My younger sister is a senior in high school and she asked me for help with her calculus homework but I've drawn a blank, can anyone offer any advice for this question?
Find the area between the curves $f(x)= x^2-2$ and $g(x)= 3x+2$.

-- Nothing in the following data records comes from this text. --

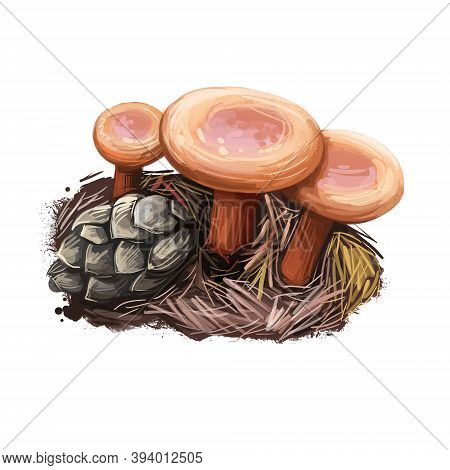 Lactarius Rubidus, Candy Cap Or Curry Milkcap Mushroom Closeup Digital Art Illustration. Deep Reddis
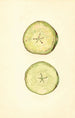 Malus domestica - John F. Brewer — vista dell’opera
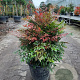 Nandina d. Obsessed 40-60 cm 15L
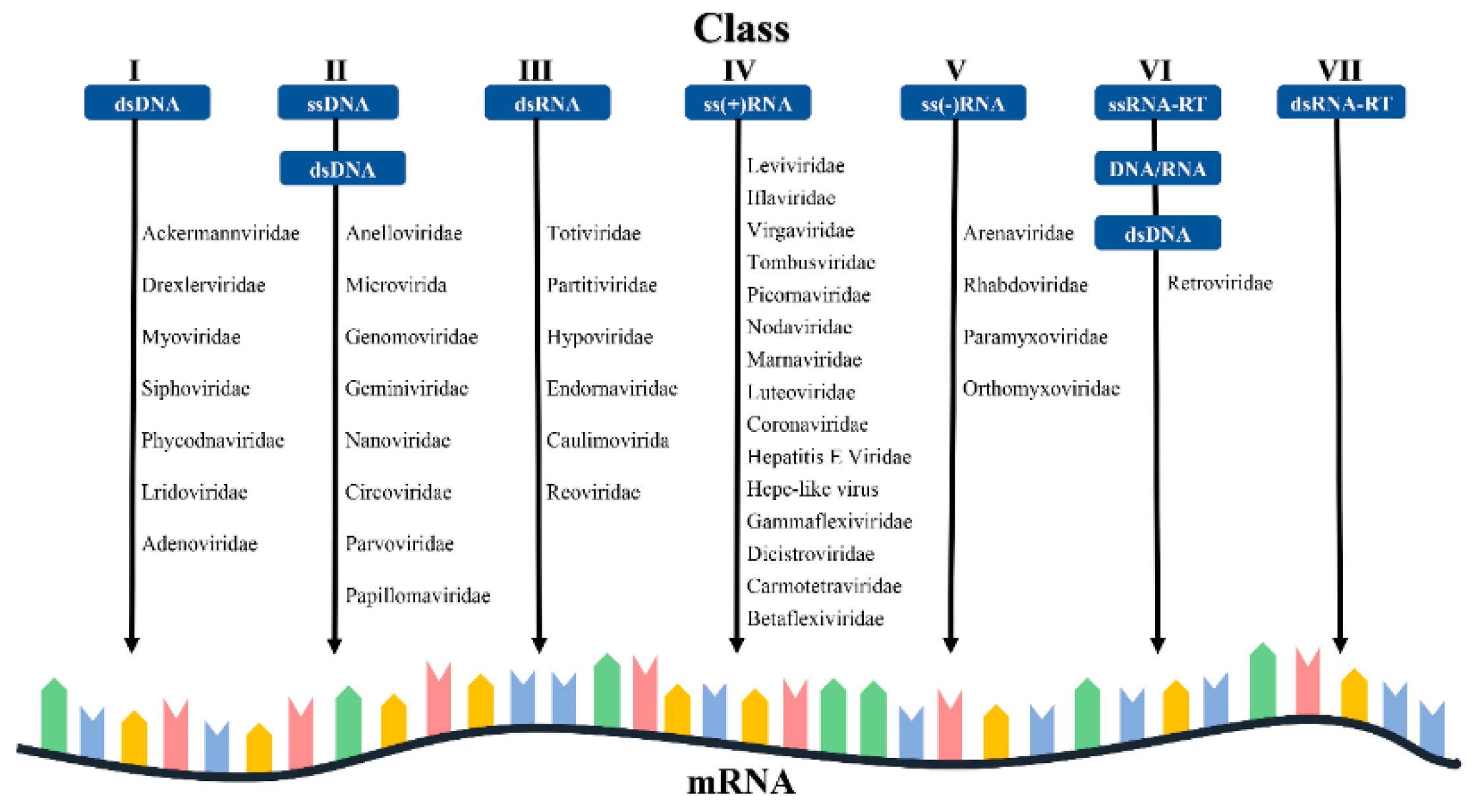 Vetsci 12 00081 g001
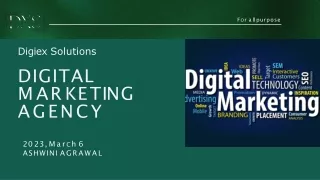 Digital Marketing Agency | Wordpress Website | Online Business Advertisement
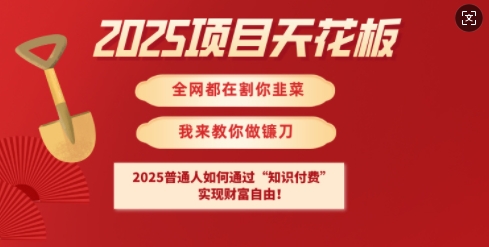 2025项目天花板普通人如何通过知识付费，实现财F自由【揭秘】-仙女副业网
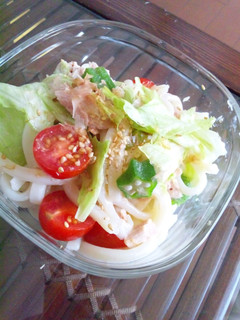 夏にぴったり☆簡単サラダうどん-レシピのメイン写真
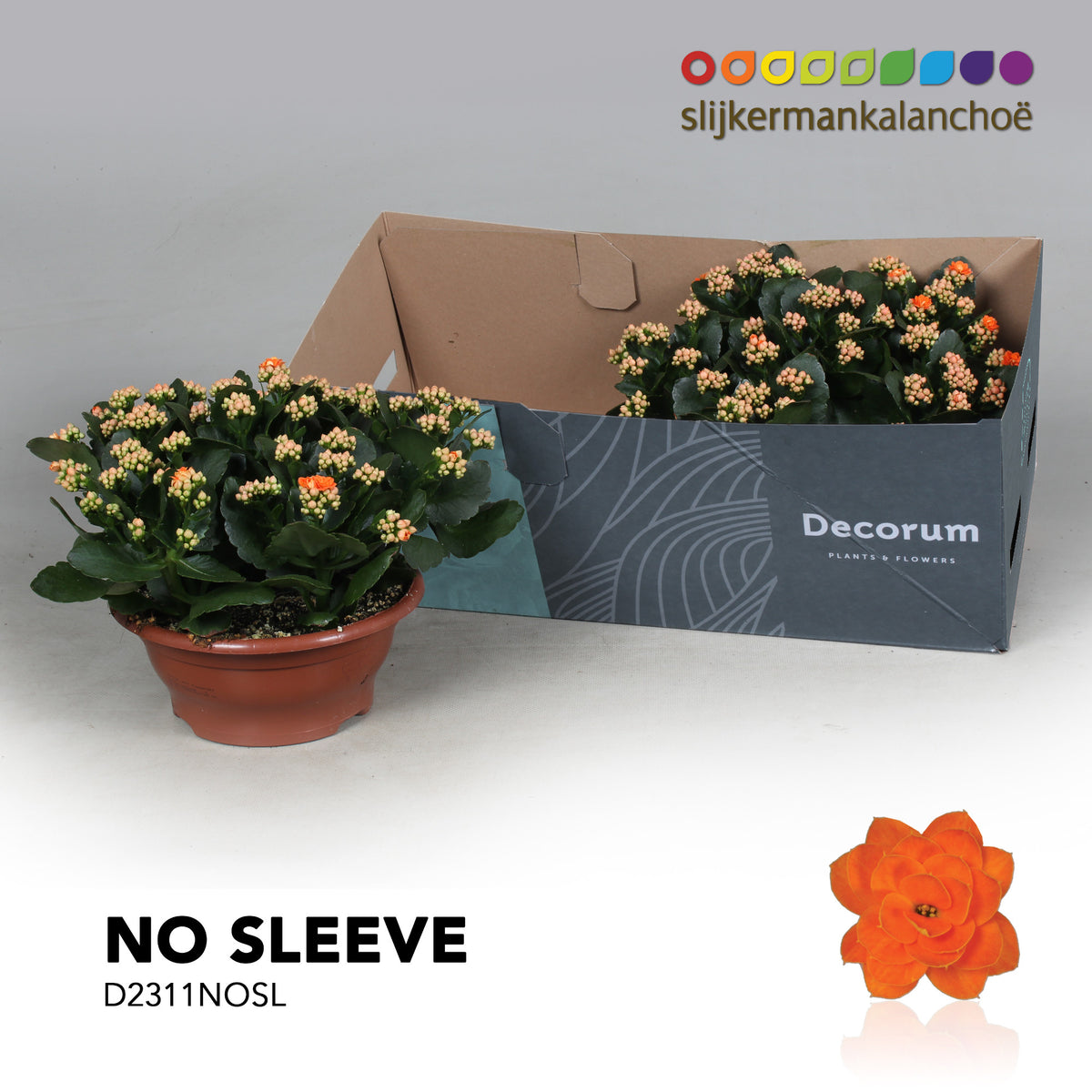 Kalanchoe Sumo Orange 28cm 23cm Pot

I vaguely remember this from college but I don't want to tell her the wrong method!
On
First, you should graph the two functions just to get an image of them in your head. Next, set them equal to each other to find the interval (You will use integration). Once you set them equal to one another you'll get that the interval is $0 \leq x \leq 4$. The integral sets up as follows: I'm using S as a symbol to represent integration. S from $-1$ to $4$ of $g(x)-f(x)dx = S$ from $-1$ to $4$ $$ \int_{-1}^{4}(3x+2)-(x^2-2) dx = ((\frac{-x^3}{3})+((\frac{x^2}{2})+4x)$$
From their you can just plug in. I hope this helps!
On
First find the points where the two functions will intersect.
$$x^2-2 = 3x+2 \implies x^2-3x-4=0\implies x=4,-1$$
Now we take the definite integral of the difference of the functions.
$$\int^{4}_{-1}(3x+2) - (x^2-2) \, dx = \left[\frac{3x^2}{2}-\frac{x^3}{3}+4x\right]^4_{-1}=\boxed{\frac{125}6}$$
On
$$A = \int_b^a(g(x)-f(x))dx $$ Where $a$ and $b$ are the points at which the curves intersect where: $$x^2-2 = 3x+2$$ $$x^2-3x-4=0$$ $$(x-4)(x+1) = 0$$ $$x=4,-1$$ So $$A = \int_b^a(g(x)-f(x))dx = \int_{-1}^4 3x+2-x^2+2 = \int_{-1}^43x-x^2+4 = \left[\frac{3x^2}{2}-\frac{x^3}{3}+4x\right]_{-1}^4 = \boxed{\frac{125}{6}}$$
Figure out the intersections of the two curves and then which one is on top and on bottom. The x values of the intersections will be your bounds and you should take the integral of the top curve minus the bottom curve.